Удивительно другое. Исполнительское искусство вдруг, с опозданием, начало рефлексировать на давление цивилизации. Возникли приверженность к исполнительским стереотипам, тиражирование интерпретационных манер, тенденция к нивелированию индивидуальности при сохранении высокого ремесленного уровня. Мы постепенно начали терять свои позиции на международных конкурсах и сейчас в определенном смысле переживаем кризис в подготовке нового поколения звезд.
На протяжении огромного периода истории наше общество было замкнутым. Если принять тезис Бердяева, что цивилизация — это стремление к «мировому городу», это значит — признать принципиальную разомкнутость цивилизованных устремлений, их тяготение к глобальным связям. Сейчас мы пришли к этой идее. В частности, мысль о построении европейского дома — чисто «цивилизованная» идея. Феномен уже сложившейся у нас цивилизации (контуры которой мы хотим кардинально поменять) парадоксален: стремление к «мировому городу» осуществлялось, по крайней мере до сих пор, в системе замкнутого общества.
Однако замкнутость эта имела различные фазы состояния и начиная с 60-х годов носит, по существу, относительный характер. Проникновение художественной информации об искусстве западного мира фактически нарастает от десятилетия к десятилетию. Уже в 60-е годы возникает явление, названное «советским авангардом». Таковым оно казалось в контексте господствовавших в нашей культуре тенденций. На самом же деле зарубежные эксперты моментально услышали в нем принадлежность другой культуре, принципиально отличной от западной.

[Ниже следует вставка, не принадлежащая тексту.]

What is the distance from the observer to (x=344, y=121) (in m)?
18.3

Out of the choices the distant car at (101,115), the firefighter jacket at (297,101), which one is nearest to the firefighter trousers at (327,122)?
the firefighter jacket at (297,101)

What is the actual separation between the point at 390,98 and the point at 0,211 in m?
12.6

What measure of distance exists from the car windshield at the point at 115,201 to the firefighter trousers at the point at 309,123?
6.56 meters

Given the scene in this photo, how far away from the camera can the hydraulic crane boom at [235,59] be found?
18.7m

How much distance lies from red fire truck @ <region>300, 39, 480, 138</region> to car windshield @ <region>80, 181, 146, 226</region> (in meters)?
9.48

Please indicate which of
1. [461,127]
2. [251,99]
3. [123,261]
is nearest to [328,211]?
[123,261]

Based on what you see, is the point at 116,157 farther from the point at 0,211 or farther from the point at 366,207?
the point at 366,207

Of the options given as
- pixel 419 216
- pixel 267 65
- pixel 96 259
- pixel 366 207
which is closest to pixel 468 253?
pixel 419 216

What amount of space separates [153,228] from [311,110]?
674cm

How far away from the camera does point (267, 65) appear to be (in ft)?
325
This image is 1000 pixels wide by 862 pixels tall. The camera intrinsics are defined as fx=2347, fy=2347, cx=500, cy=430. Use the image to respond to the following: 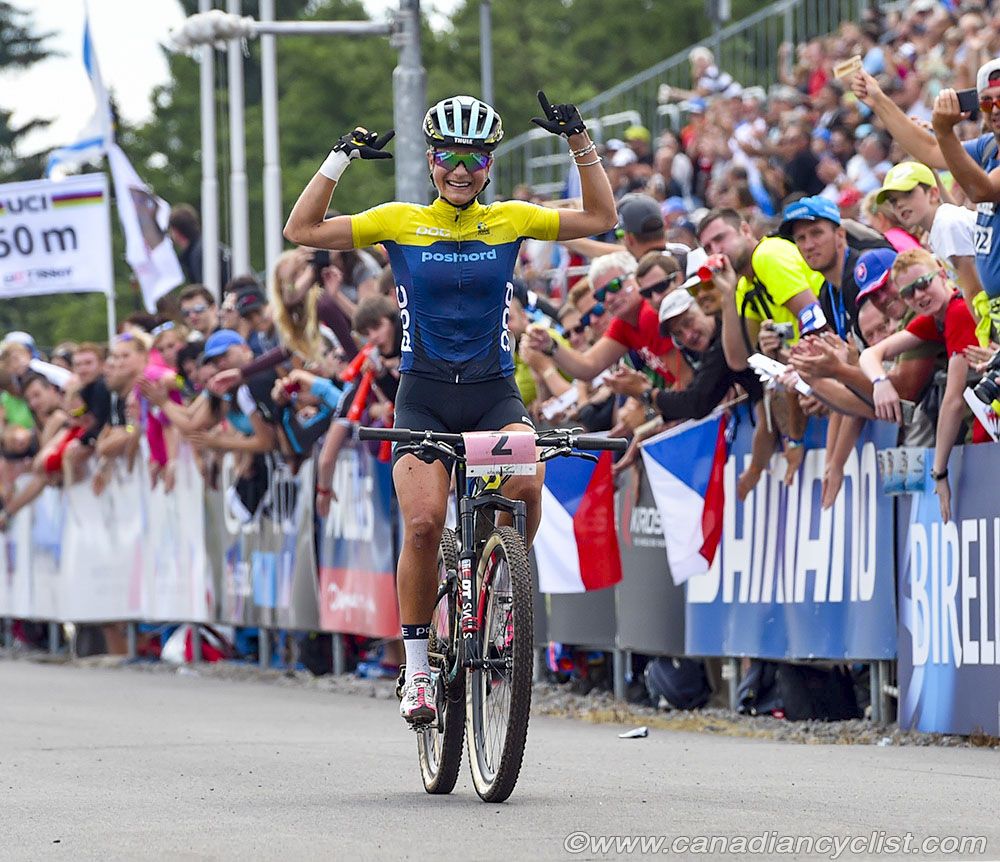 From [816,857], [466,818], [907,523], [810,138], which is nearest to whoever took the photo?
[816,857]

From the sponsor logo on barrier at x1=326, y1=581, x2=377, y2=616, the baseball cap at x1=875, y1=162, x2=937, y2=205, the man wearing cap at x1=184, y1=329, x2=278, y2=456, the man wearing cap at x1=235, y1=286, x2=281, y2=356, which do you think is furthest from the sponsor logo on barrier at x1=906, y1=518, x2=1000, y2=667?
the man wearing cap at x1=235, y1=286, x2=281, y2=356

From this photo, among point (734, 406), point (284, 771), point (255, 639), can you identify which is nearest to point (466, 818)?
point (284, 771)

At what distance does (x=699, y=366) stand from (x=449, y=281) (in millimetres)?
4029

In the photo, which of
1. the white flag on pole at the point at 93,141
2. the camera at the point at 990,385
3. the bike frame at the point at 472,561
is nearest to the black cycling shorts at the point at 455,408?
the bike frame at the point at 472,561

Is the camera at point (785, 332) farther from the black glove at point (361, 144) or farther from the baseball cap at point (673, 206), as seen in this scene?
the baseball cap at point (673, 206)

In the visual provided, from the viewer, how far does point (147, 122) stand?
6788 cm

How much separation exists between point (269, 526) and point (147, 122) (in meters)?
51.6

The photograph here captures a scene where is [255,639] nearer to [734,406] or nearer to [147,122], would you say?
[734,406]

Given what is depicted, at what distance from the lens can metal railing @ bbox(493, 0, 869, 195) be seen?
2836 cm

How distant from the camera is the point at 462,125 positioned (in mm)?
8664

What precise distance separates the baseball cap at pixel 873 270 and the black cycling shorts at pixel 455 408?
3022 mm

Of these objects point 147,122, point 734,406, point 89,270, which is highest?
point 147,122

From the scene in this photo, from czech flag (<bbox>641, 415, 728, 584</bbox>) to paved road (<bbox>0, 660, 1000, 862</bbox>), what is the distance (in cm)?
108

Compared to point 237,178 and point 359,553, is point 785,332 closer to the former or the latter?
point 359,553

Соответственно в русле господствовавших тенденций нарастает усвоение новых универсалий, родившихся в послевоенной Европе, наследовавших гигантскую преобразовательную работу в искусстве начала века. В этой работе русская музыка принимает самое активное участие. Но процесс этот был прерван тоталитаризмом. Вернее, был прерван контакт в осуществлении такой работы. Здесь-то и кроется тайна, связанная с особым, как мне думается, «везением» музыки. В условиях замкнутого общества она сохраняет преобразовательные импульсы. Конечно, огромную роль сыграла реэмиграция Прокофьева, а потом, в конце 60-х,— новое открытие Стравинского. Но главным оказалось становление новых национальных школ, приведшее к подлинному взрыву качеств, неведомых миру. Качеств национальных музык, суммарно составивших картину искусства огромного, замкнутого мира.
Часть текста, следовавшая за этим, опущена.